El Diablo tiene mil caras. Para la religión católica es Lucifer, el ángel caído. Para la mitología griega es Hades, el Dios de los infiernos. Para los egipcios es Anubis, quien guiaba a los muertos hacia el otro mundo. Para el hinduismo es Lama, protector del inframundo. Hizo parte de obras icónicas de pintores como Goya y El Bosco

En la cultura popular está representado por Darth Vader en La Guerra de las Galaxias o Lord Voldemort en Harry Potter.

Pero todos, en el fondo, hablan de lo mismo: la luz que eligió la oscuridad. Sin embargo, en medio de esa penumbra todavía habita la luz. Tan grande como es su sombra es el resplandor de su divinidad. Platón lo dijo hace siglos: “La verdadera tragedia de la vida es cuando los hombres tienen miedo de la luz”.

Estoy convencida de que muchas veces detrás de ese miedo a sentir lo que está oculto, detrás del miedo a encontrarse con la sombra, detrás del pavor que da atravesar lo desconocido, como no lo propone el arcano de El Diablo, se encuentra el profundo miedo que le tenemos a nuestra luz, el miedo oculto que nos da asumir nuestro brillo, nuestra dicha, nuestra verdad como seres completos y sagrados.

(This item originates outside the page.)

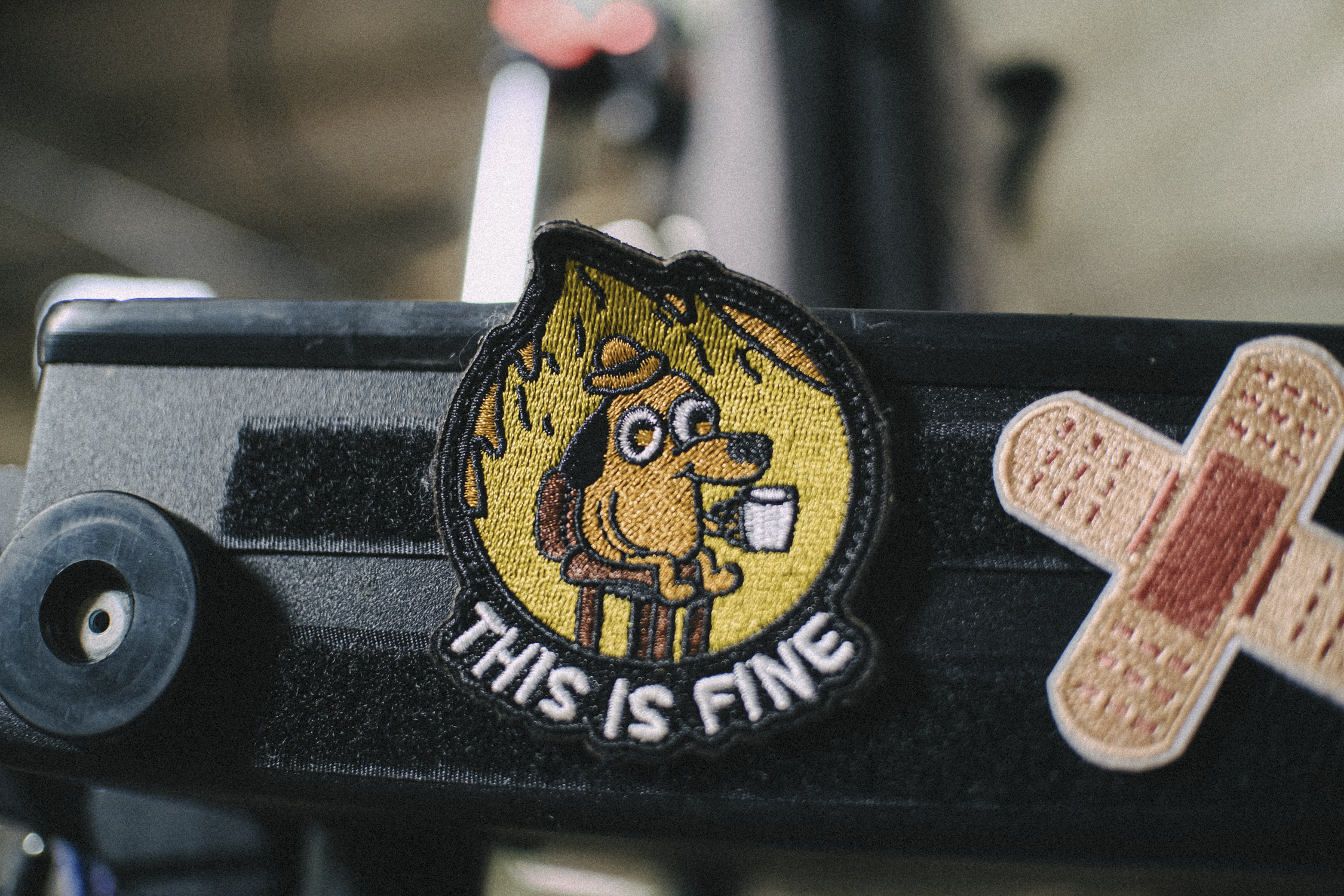 A close-up of two embroidered patches on a dark surface. The central patch features a cartoon dog with a crown, sitting on a chair, holding a mug, with the phrase 'THIS IS FINE' below. The second patch, partially visible, resembles a bandage.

Muchas veces es más fácil conectar con la sombra y enfocarnos en ella, usándola como una excusa para no tomar y comprometernos con la luz que nos habita. Una luz que reconocemos a medias, que aceptamos a medias, con la que nos comprometemos a medias. Porque hacerlo es reconocer que lo tenemos todo, que nuestra herencia es la dicha y el amor, que somos más fuertes y poderosos de lo que imaginamos y que nada puede empañar ni debilitar nuestra esencia.